▶ _Instructions for the task_: Reproduce the listing below from the line with "NWOT Bon Bebe" to the line with "Detroit Axle - 8pc", both lines included, character for character, minus any pictures.

(Records for the task)

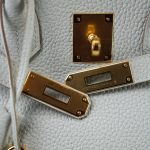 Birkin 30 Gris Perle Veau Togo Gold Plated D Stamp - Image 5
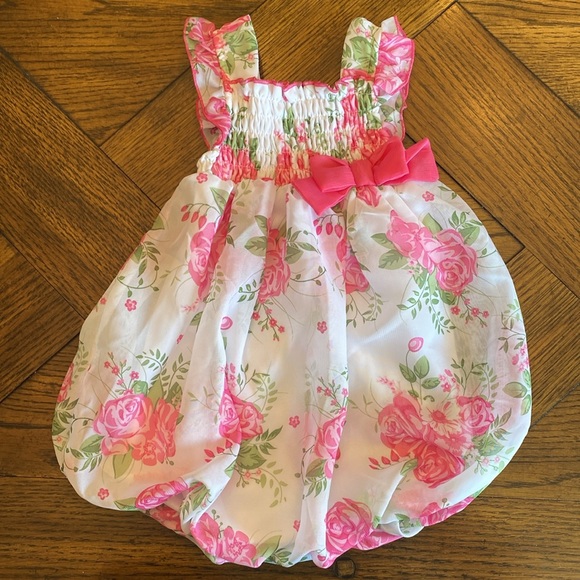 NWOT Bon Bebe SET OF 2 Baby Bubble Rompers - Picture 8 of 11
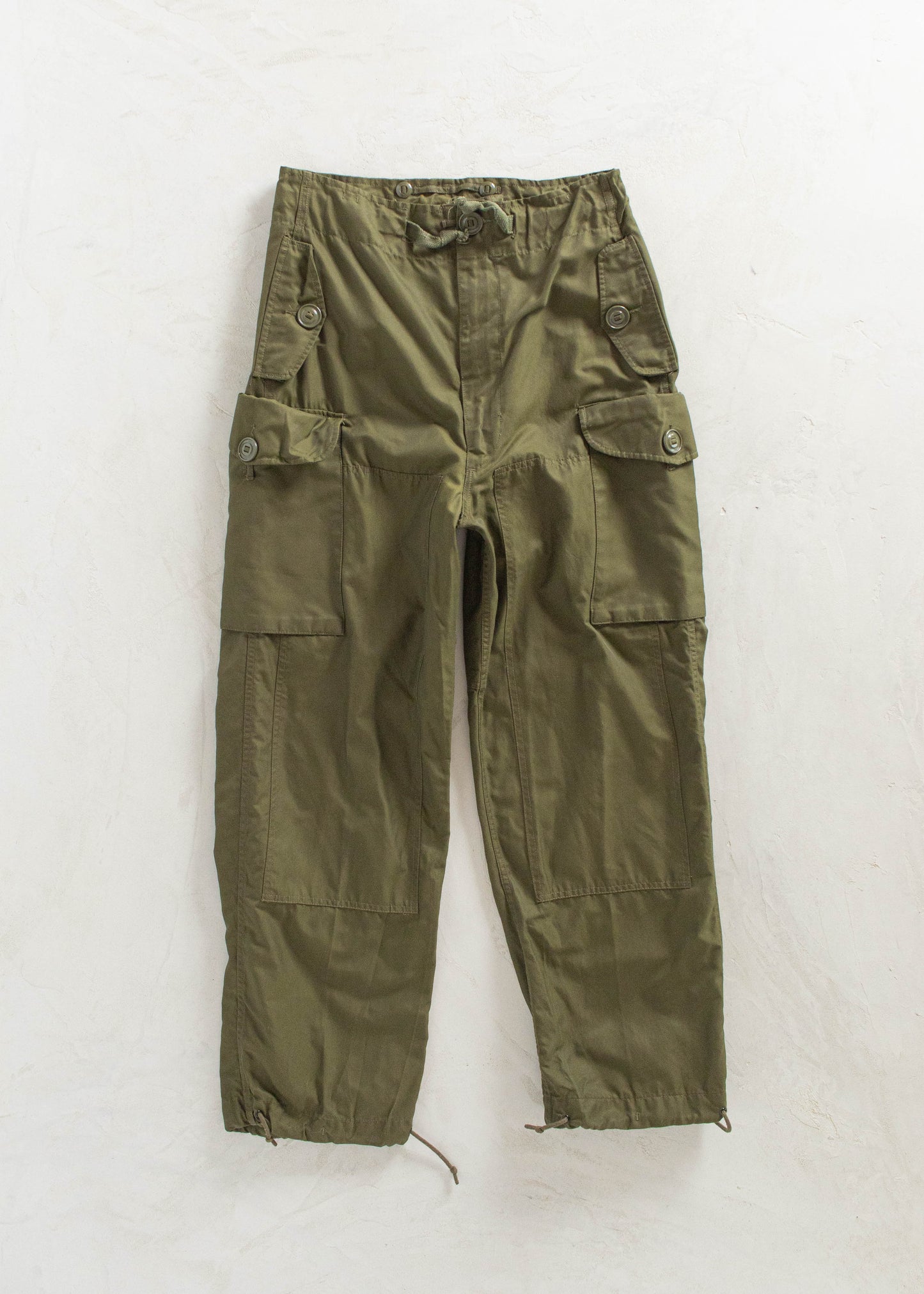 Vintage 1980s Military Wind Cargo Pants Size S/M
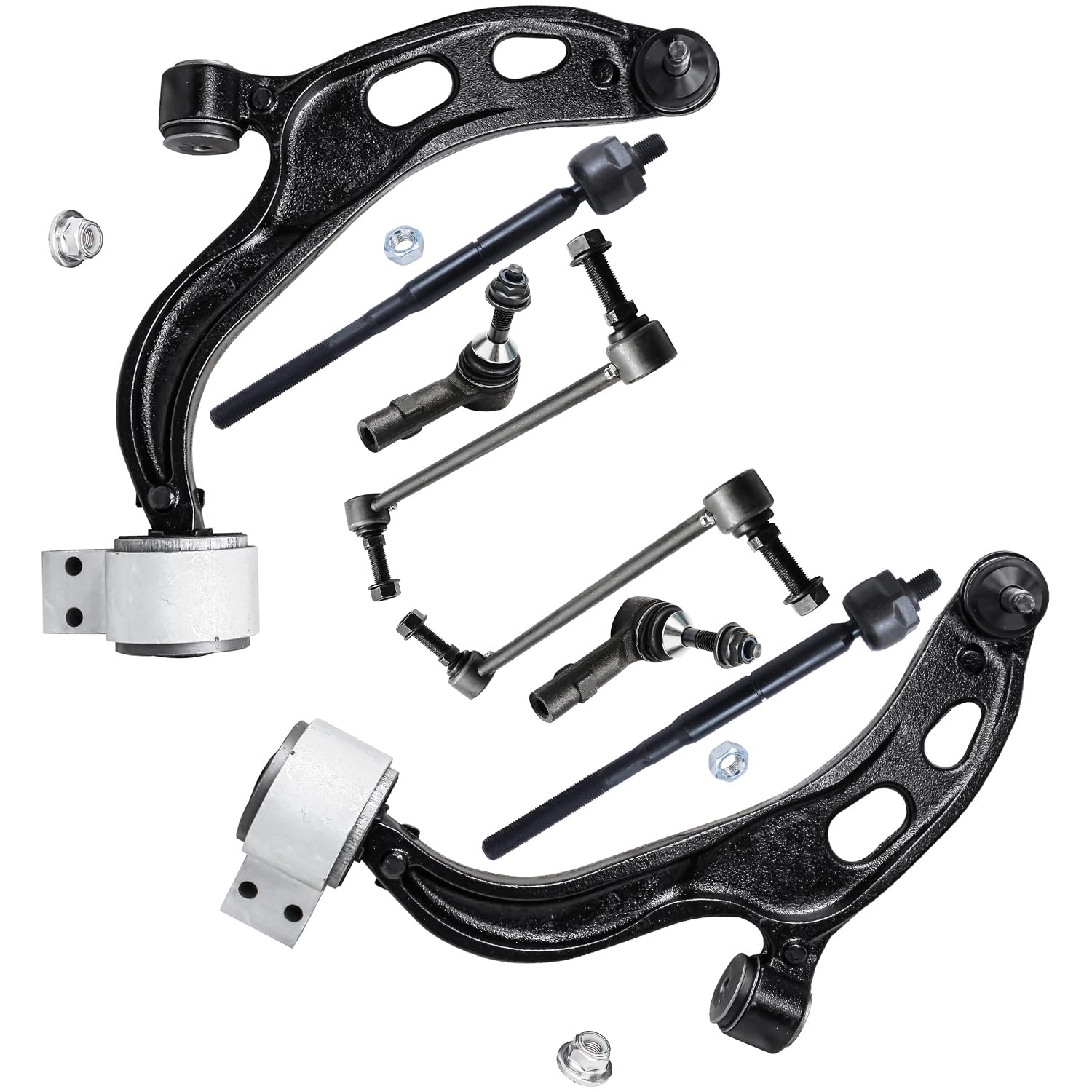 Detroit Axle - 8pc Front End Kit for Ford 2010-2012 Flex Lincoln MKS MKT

(End Records for the task)
(Records for the task)

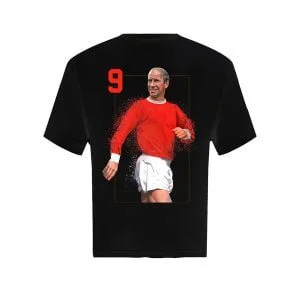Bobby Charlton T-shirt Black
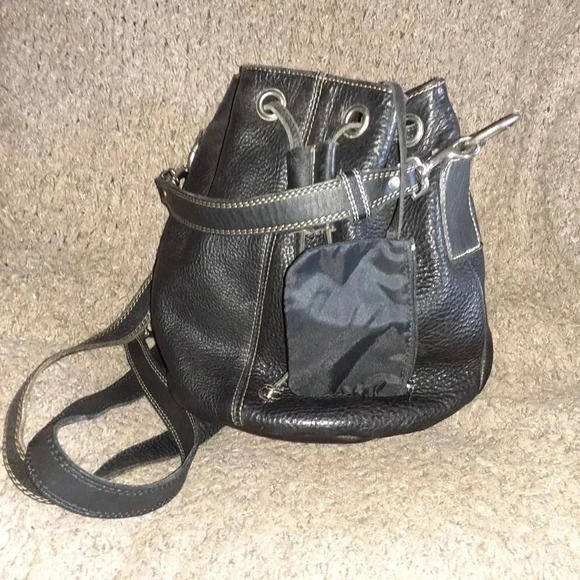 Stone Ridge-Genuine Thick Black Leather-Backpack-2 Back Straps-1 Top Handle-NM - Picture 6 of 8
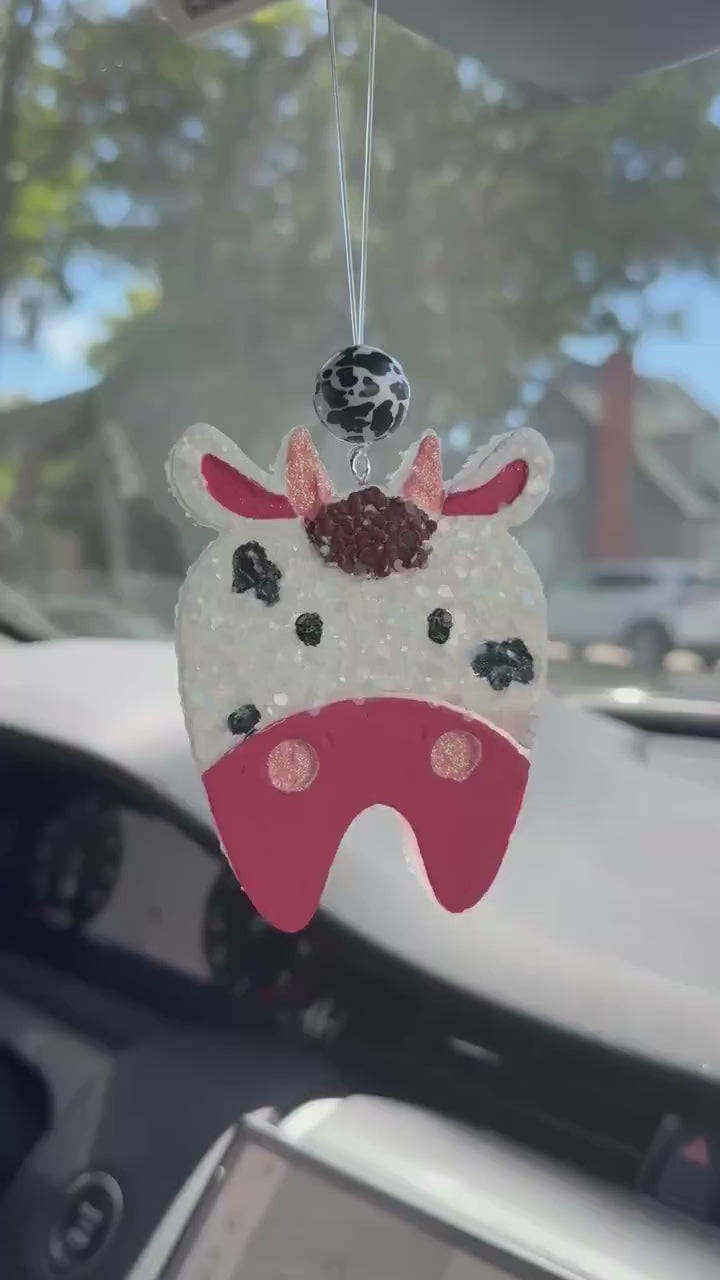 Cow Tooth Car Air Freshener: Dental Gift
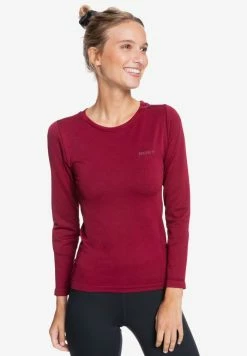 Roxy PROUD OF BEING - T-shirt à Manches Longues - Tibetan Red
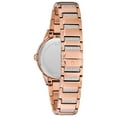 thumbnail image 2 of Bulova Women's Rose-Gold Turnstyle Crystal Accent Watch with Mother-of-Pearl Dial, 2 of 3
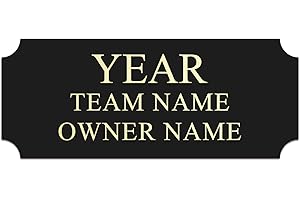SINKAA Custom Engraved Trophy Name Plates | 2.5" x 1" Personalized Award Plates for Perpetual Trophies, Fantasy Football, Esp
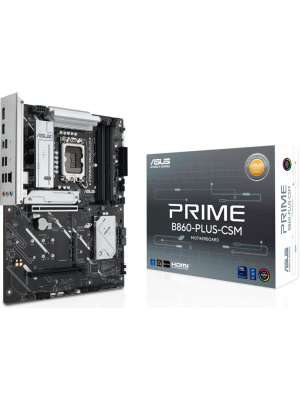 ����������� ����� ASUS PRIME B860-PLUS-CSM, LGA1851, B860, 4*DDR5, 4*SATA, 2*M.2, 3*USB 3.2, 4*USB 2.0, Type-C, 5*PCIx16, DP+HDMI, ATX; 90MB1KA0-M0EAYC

(End Records for the task)

▶ _Exercise answer_:
 NWOT Bon Bebe SET OF 2 Baby Bubble Rompers - Picture 8 of 11
 Vintage 1980s Military Wind Cargo Pants Size S/M
 Detroit Axle - 8pc Front End Kit for Ford 2010-2012 Flex Lincoln MKS MKT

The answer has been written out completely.